Oscillations in cytoplasmic Ca2+ concentration provide a ubiquitous signaling mechanism that elicits a wide range of cellular responses, with selective activation of Ca2+-sensitive targets thought to depend on the amplitude and frequency of the oscillation. However, these oscillations depend on Ca2+ flux through channels, and Ca2+ microdomains near permeable channels also enable the selective activation of Ca2+ targets. Thus, Di Capite et al. investigated leukotriene C4 (LTC4)–dependent Ca2+ oscillations in mast cells [in which LTC4 elicits Ca2+ release from intracellular stores and activation of store-operated Ca2+ release–activated Ca2+ (CRAC) channels] to explore the role of localized Ca2+ gradients in the response. Analyses of oscillations in the presence or absence of extracellular Ca2+ with or without the addition of La3+ (which suppresses plasmalemmal Ca2+ extrusion and also blocks CRAC channels) indicated that oscillations did not depend on Ca2+ influx through CRAC channels (although influx sustained the time period over which oscillations occurred). However, Ca2+ influx was required for LTC4-dependent activation of c-fos expression: Ca2+ oscillations of similar amplitude and frequency to those that effectively stimulated an increase in c-fos mRNA abundance when Ca2+ influx took place failed to do so when influx was blocked. The Ca2+ chelator EGTA, which blocked oscillations but binds Ca2+ too slowly to interfere with localized Ca2+ signals near open channels, failed to inhibit LTC4-dependent activation of c-fos expression. In contrast, BAPTA, a chelator that binds Ca2+ rapidly, thereby attenuating even local signals, effectively inhibited LTC4-dependent activation of c-fos.

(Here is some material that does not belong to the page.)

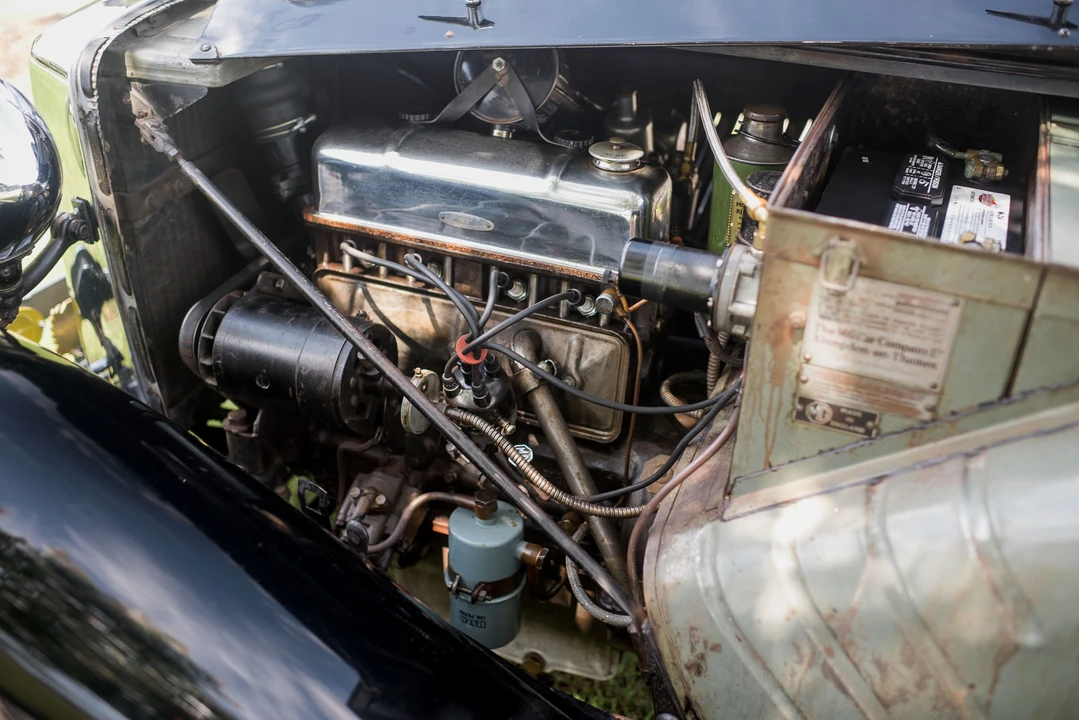 1948 MG TC - Image 15 of 31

Thus, even in the presence of global oscillations of cytoplasmic Ca2+, influx through CRAC channels—rather than simply enabling the replenishment of depleted stores—can provide a local Ca2+ signal crucial to Ca2+-dependent activation of gene expression.

J. Di Capite, S. W. Ng, A. B. Parekh, Decoding of cytoplasmic Ca2+ oscillations through the spatial signature drives gene expression. Curr. Biol. 19, 853–858 (2009). [PubMed]

Citation: E. M. Adler, A CRAC in the Oscillatory Code? Sci. Signal. 2, ec183 (2009).